David Raines – The Flora Butcher
For David Raines, red meat is a family affair. The cattle he butchers in Flora at The Flora Butcher come from his father, who raises the prized Japanese Black breed of Tajima Wagyu cow in Northern Louisiana. Known for its tenderness, marbling and superior flavor, the meat from this animal, notes Raines, is “the best of the best. And I get it at a fraction of the cost, because I buy the whole cow off of my father. So instead of $120 a pound, it might be $16, or up to around $40.”
Raines sources his chicken, pork and lamb from Mississippi purveyors, turning those meats and his Wagyu beef into not just butcher shop goods but also dishes like pot roast at his new place, Dave’s Triple B Restaurant in Jackson, where blue plate specials include lasagna, hamburger steak and Irish stew.

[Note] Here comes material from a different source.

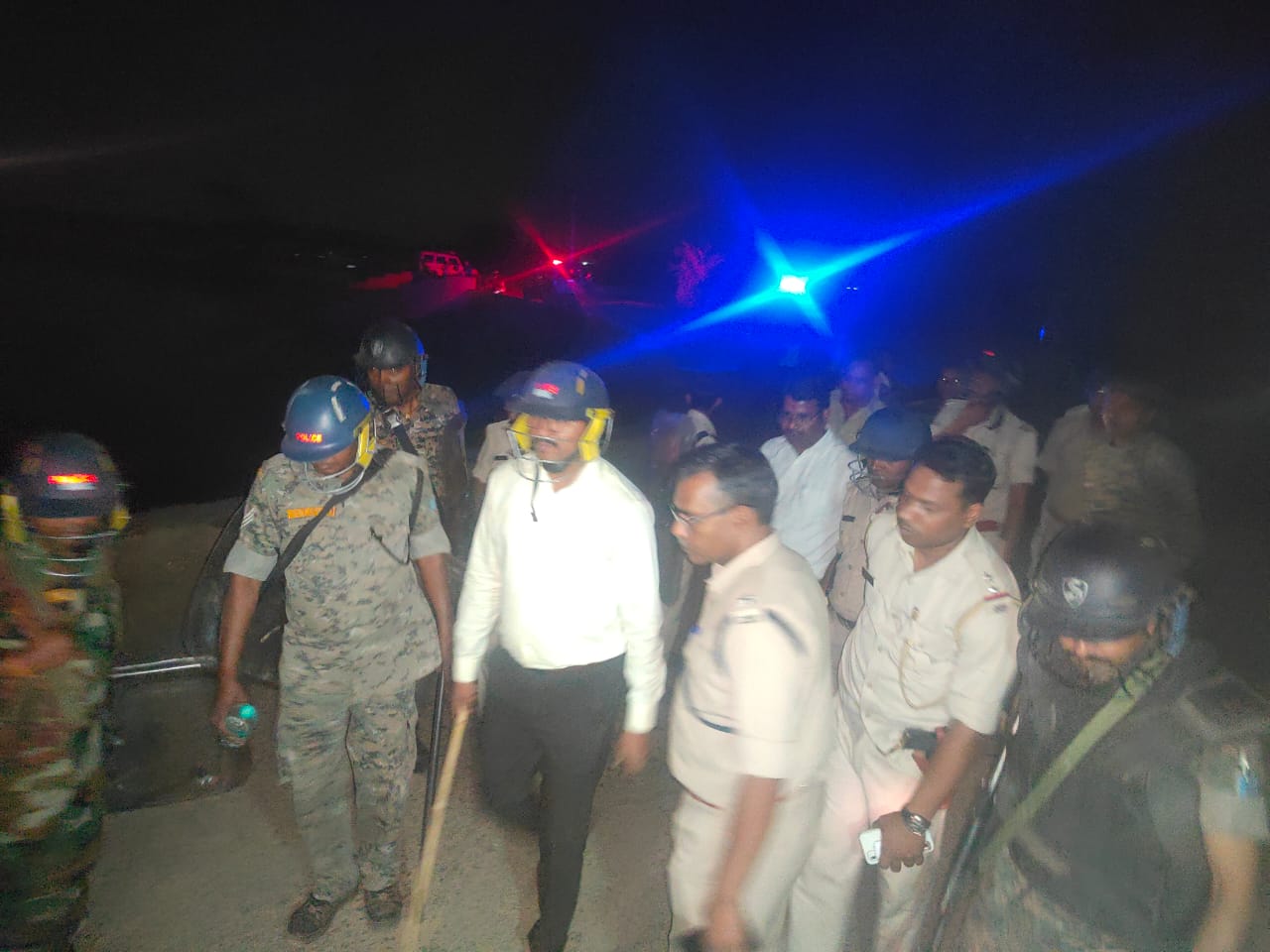 बोकारो में रामनवमी के जुलूस पर रोड़ेबाजी, मजिस्ट्रेट समेत कई घायल, जानिए प्रशासन ने क्या किया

“The restaurant is a necessity,” Raines explains, “because when you get a whole animal in, everybody wants, for example, a ribeye and a filet, but the back leg is a third of the animal—that becomes chicken fried steak for us, and roast beef, pastrami and corned beef. It’s all designed so we can keep buying the whole animal direct from farmers.”
Cole Ellis – Delta Meat Market
Business is booming for James Beard-nominated chef Cole Ellis, proprietor of Delta Meat Market, which opened five years ago in Cleveland. Originally intended to be a grocery store with a couple of meat counters, the venture now serves lunch and offers catering. Ellis butchers and cure meats he gets from purveyors like Home Place Pastures in Como, producing a range of his own salamis, lunch meats, bacon and sausage. The menu, heavy on towering sandwiches and crunchy, flavorful salads, changes daily.
“When we first started this concept we wanted to be able to provide something that had been all but lost with mechanization and grocery and convenience stores,” Ellis explains. “And somewhere along the way we developed a small following that we’re proud of—people appreciate a relationship with the man cutting their meat. For example, every Friday we have a customer who comes in and wants a porterhouse. Usually we have his cut waiting on him with his name on it.”
Next up, sometime early next year, is the opening of the boutique hotel The Cotton House, right across the street from the current Delta Meat Market location downtown. Ellis, an investor, will operate a revamped butcher shop and rooftop restaurant and bar within it.
Mitch McCamey – The Neon Pig
By Mitch McCamey’s reckoning, his restaurants are going to butcher at least 160 whole cows by the end of the year, putting some $400,000 into the pockets of local farmers. And that’s not including the chickens, lambs and pigs that are broken down for the chef’s ventures, which include part ownership of The Neon Pig in Tupelo and Oxford, and Kermit’s Outlaw Kitchen, also in Tupelo.
“We butcher these animals, we put them in our case for retail and source them to our restaurants, and we take any scrap and make burgers,” McCamey says. “The Neon Pig was lucky enough to be voted best burger in America by Thrillist a couple years ago. That allowed us to sell more burgers and keep butchering, because all of that scrap goes to my burgers. It makes them amazing, because they’re made from high-quality meat that we’re butchering every day.”
McCamey adds, “When you’re doing it and you’re doing it well, being a butcher is the most enjoyable position in any restaurant because it’s direct to customer. People want good food at a fair price…although it’s always been about ingredients, it’s also been about how we treat people.”